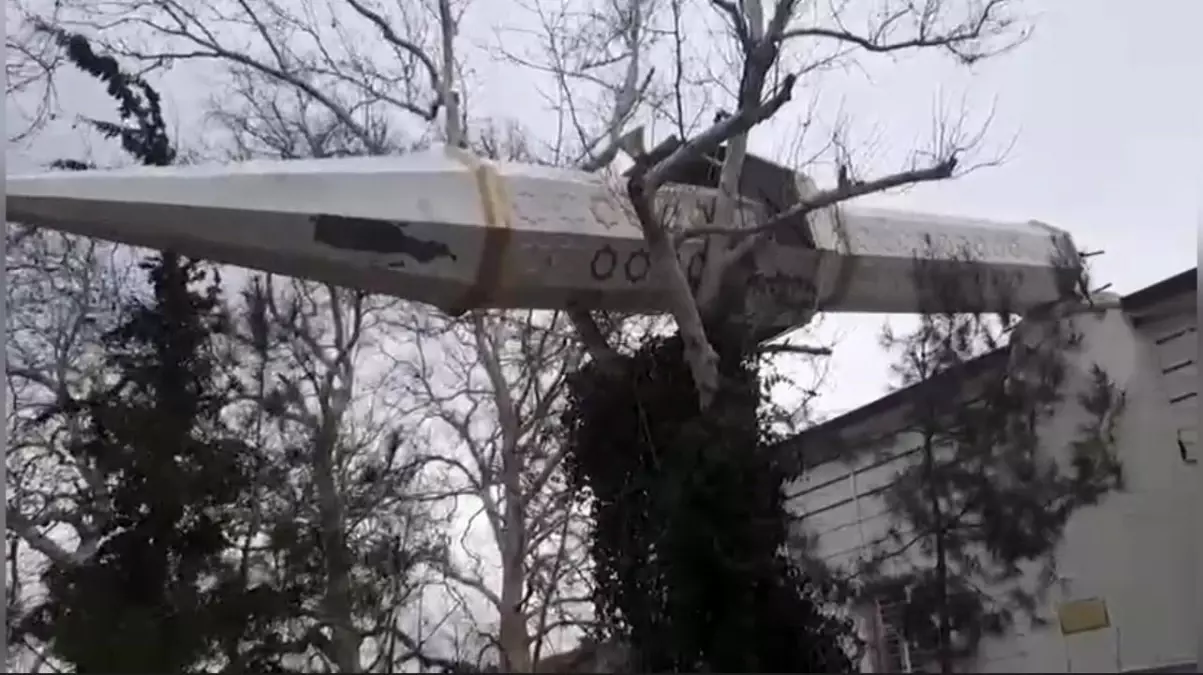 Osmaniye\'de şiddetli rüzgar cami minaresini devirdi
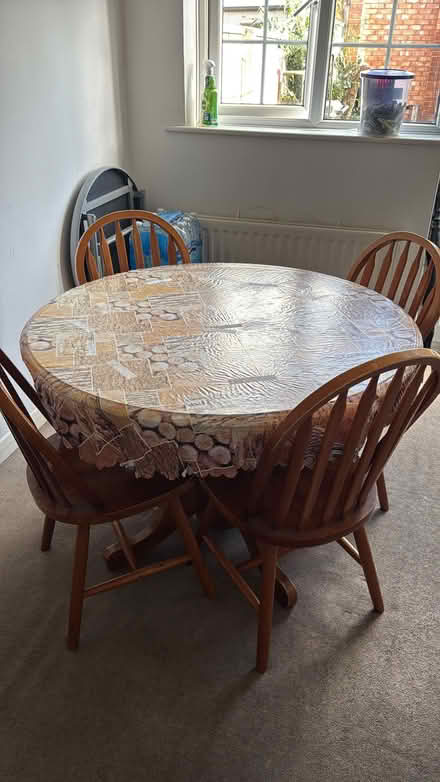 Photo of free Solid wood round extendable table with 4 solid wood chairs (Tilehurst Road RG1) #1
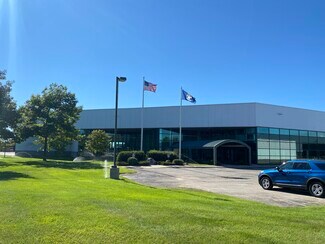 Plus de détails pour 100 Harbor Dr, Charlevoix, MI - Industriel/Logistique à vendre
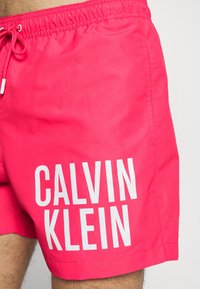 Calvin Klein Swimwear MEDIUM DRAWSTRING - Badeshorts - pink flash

▶ **How to complete this task**: Return an exact copy of the data above, apart from any pictures.

▶ **Answer to the problem**:
 Osmaniye\'de şiddetli rüzgar cami minaresini devirdi
 Photo of free Solid wood round extendable table with 4 solid wood chairs (Tilehurst Road RG1) #1
 Plus de détails pour 100 Harbor Dr, Charlevoix, MI - Industriel/Logistique à vendre
 Calvin Klein Swimwear MEDIUM DRAWSTRING - Badeshorts - pink flash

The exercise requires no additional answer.